I completely agree, the NCEES Sample Questions are imperative to your success. I only went thru them once, but if I had done so a couple of times I would have been much better off on the test.


----------



## JoeysVee (Sep 16, 2009)

Yeah the problems book is important but the subject here is how the MERM sucks. And most of us agree it sucks in many ways but since it is the only book we have it is the best way to study.


----------



## Shaggy (Sep 16, 2009)

I agree with Capt Worley. It may not be great at being in depth in all the subjects, but it does a fine job for the breadth (morning) session. Yeah some material seems scattered about, that is why it is important to tab the bloody thing to find your stuff fast. As far as afternoon goes, that is where the supplemental texts come in to play. For me doing Machine Design, I used exclusively Shigley and the Machinery Handbook. Like Cap'n said, three books are really all you need. 'Course I brought the units conversion book too. Actually I brought a bunch of shit, but only used the above mentioned.


----------



## buick455 (Sep 20, 2009)

I am getting really sick of looking at the MERM. It is really frustrating in some areas. For example, the area that covers columns sucks. I had to re-read the subject in the machinery handbook then I went to Shigley to figure out why the MERM was confusing me. Shigley explained it very clearly unfortunately the formulas in MERM are somewhat different, i.e. different symbolgy, etc. Lindeburg has formulas in example problems that are not in the chapters ect. I have markups through out the MERM and references to other references to remind me where to go when working the problems. I know it is hard to cram everything into one book but the information needs to be clear as we do not have hours to find the information during the exam.


----------



## JoeysVee (Sep 21, 2009)

And he changes symbols from each chapter. ie Qdot is btu/hr in one chapter and in the next chapter it's qdot.


----------



## justin-hawaii (Sep 23, 2009)

badal said:


> I do agree that the HVAC portion sucks. But alot of the HVAC info is in other chapters so he would have been repeating it to make the section larger. I took HVAC depth and used MERM and ASHRAE exclusively (and passed) so i cant beat up on old lindburg too much!!



I had the same experience and used the same reference materials(a consecutive set of ASHRAE books and the MERM).

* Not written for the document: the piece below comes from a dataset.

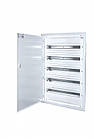 Щит металопластиковий ERP24-5 (5х24мод.)120 модулів IP-40 ET, фото 3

Look in ASHRAE if you want more HVAC material.


----------



## Shaggy (Sep 23, 2009)

justin-hawaii said:


> I had the same experience and used the same reference materials(a consecutive set of ASHRAE books and the MERM). Look in ASHRAE if you want more HVAC material.


Yeah that is basically my feeling too. MERM gets you through the morning and some/most of the afternoon, but it is necessary to use a specific reference for your sub-discipline. I took machine design and Shigley and Machinery Handbook were my friends for that 4 hours.


----------